--- START ---

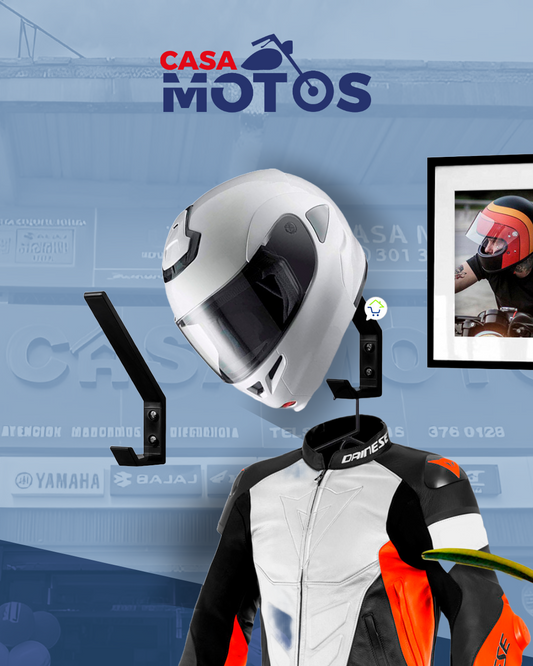2 Soportes para casco e indumentaria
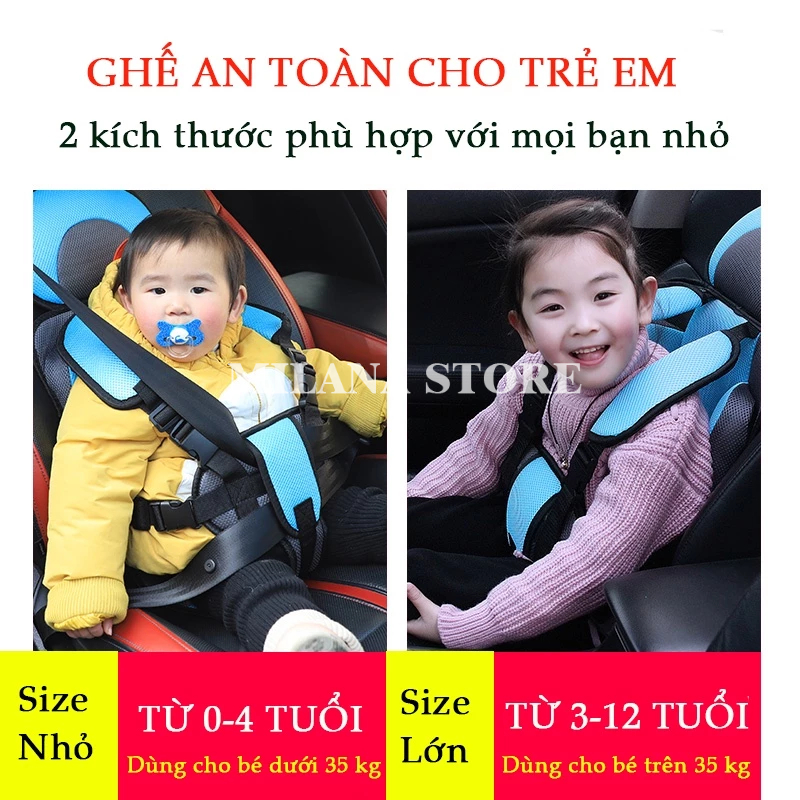 Ghế Ngồi Ô Tô Cho Bé - Đai An Toàn Trên Oto, Địu Gắn Ghế  Xe Hơi Cho Trẻ, Có Quai Đeo Thoáng Khí, An Toàn Tiện Lợi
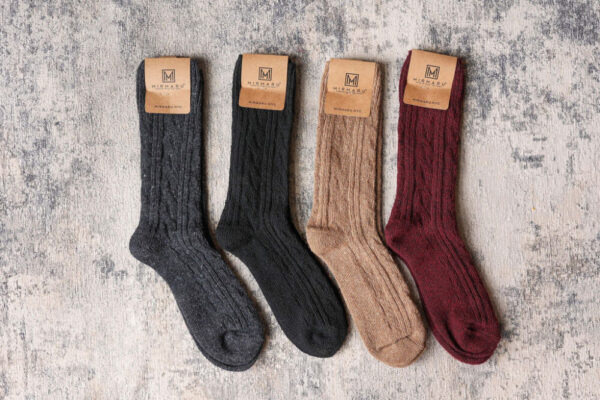 Neutral Wool Blend Crew Socks, 4 Color Options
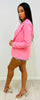 Pink Long Sleeve Blazer
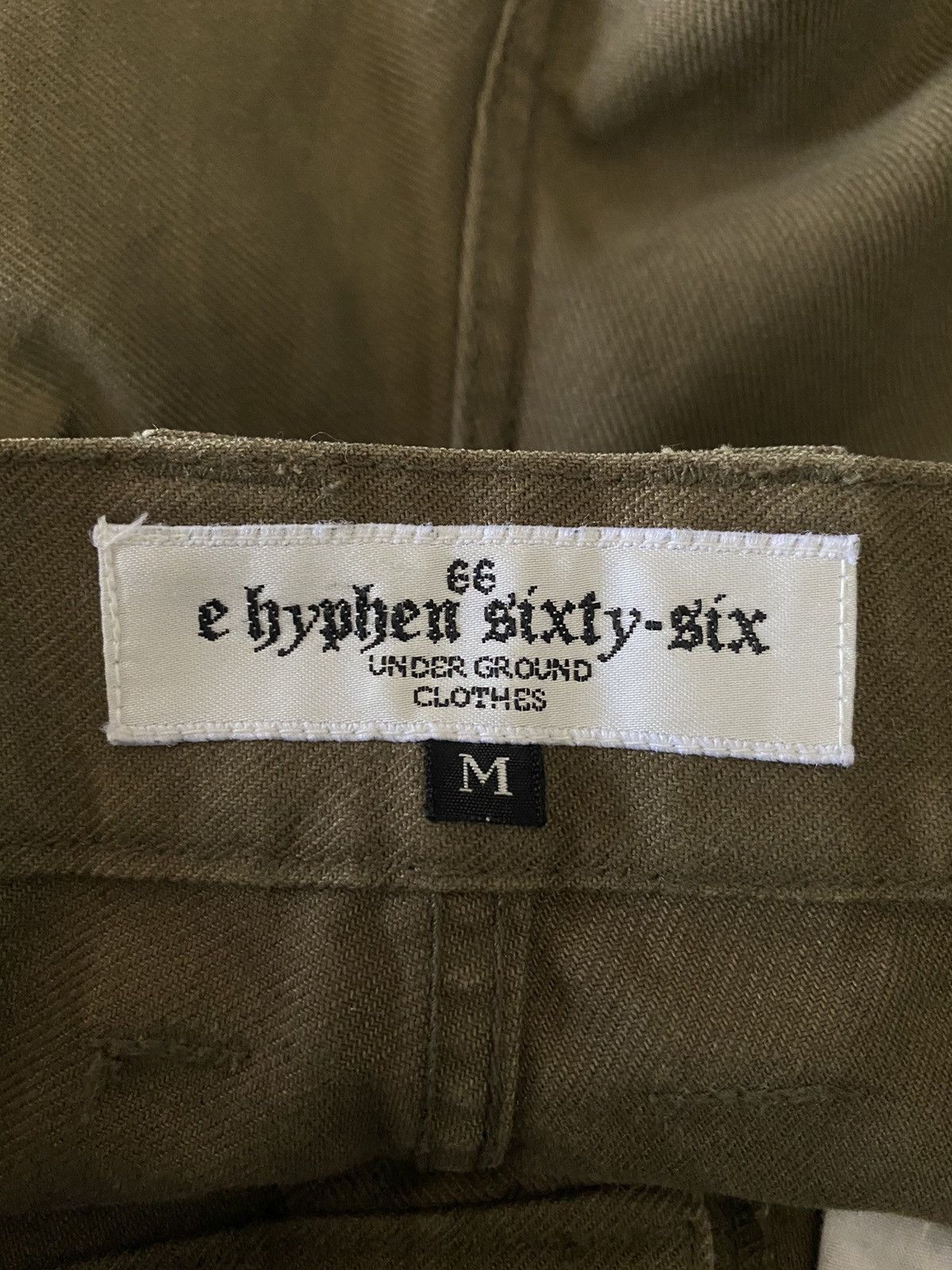 Japanese Brand E Hyphen 66 Japan Cargo Flared Wide Leg Military style Pants Size US 30 / EU 46 - 14 Thumbnail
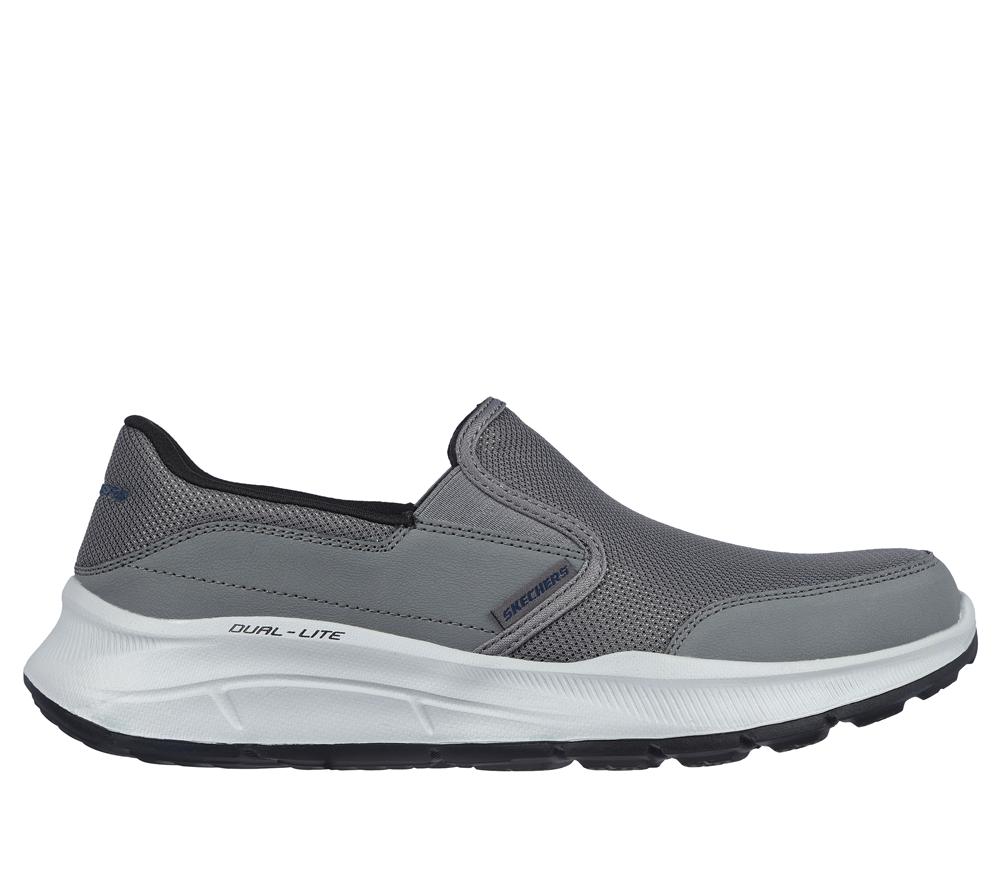Men Skechers Relaxed Fit: Equalizer 5.0 - Persistable Slip On Shoes Charcoal  USA |  4709-PNFDA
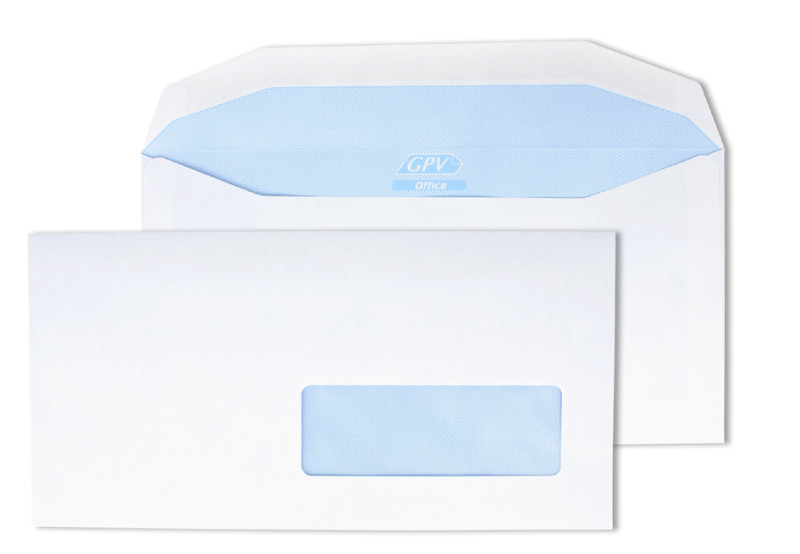 GPV Enveloppes, C5, 162 x 229 mm, blanc, avec fenêtre - Enveloppe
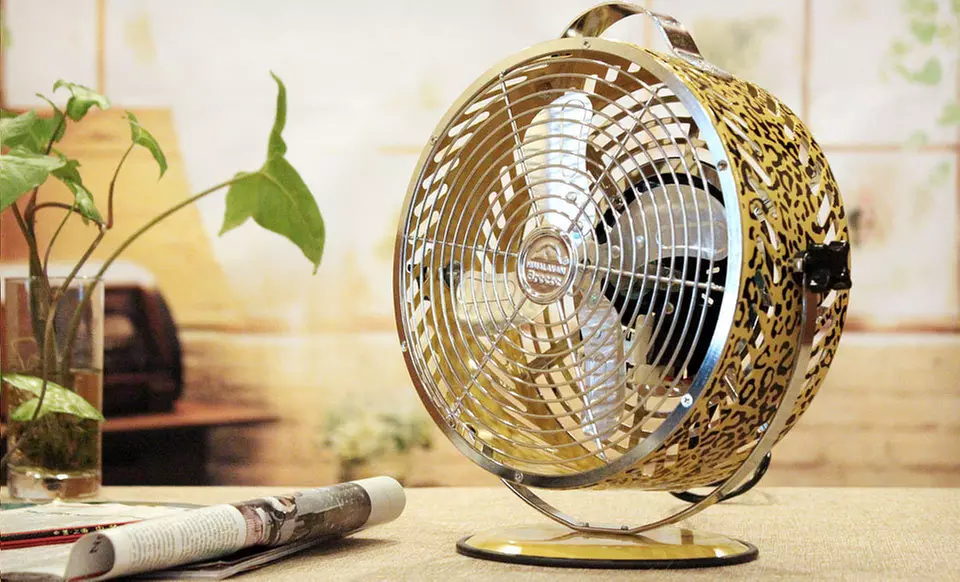 $29.99 for a Himalayan Breeze Leopard- or Zebra-Print Round Fan ($49.95 List Price). Free Shipping and Free Returns. - Primary Image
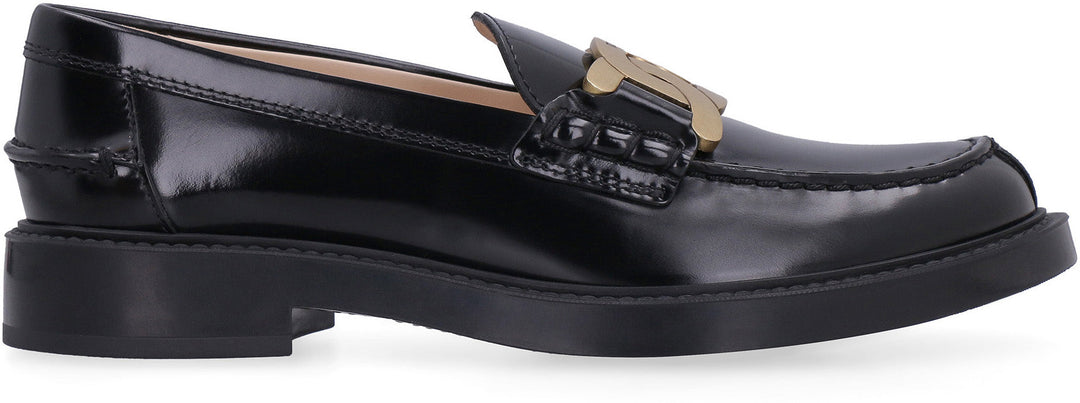 BLACK LEATHER LOAFERS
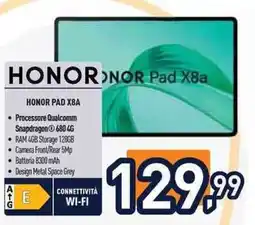 Unieuro HONOR PAD X8A offerta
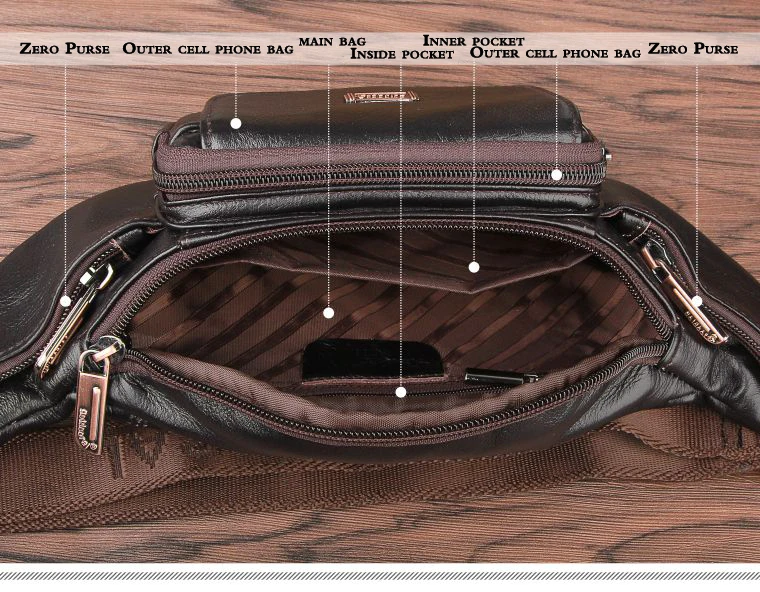 Cheap leather waist bag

--- END ---

= WORK TO BE COMPLETED =
Nothing but the lines from the one with "Neutral Wool Blend" up to and including the one with "Men Skechers Relaxed" should be printed, exactly as they read above. Please keep the pictures out.

= OUTPUT =
 Neutral Wool Blend Crew Socks, 4 Color Options
 Pink Long Sleeve Blazer
 Japanese Brand E Hyphen 66 Japan Cargo Flared Wide Leg Military style Pants Size US 30 / EU 46 - 14 Thumbnail
Men Skechers Relaxed Fit: Equalizer 5.0 - Persistable Slip On Shoes Charcoal  USA |  4709-PNFDA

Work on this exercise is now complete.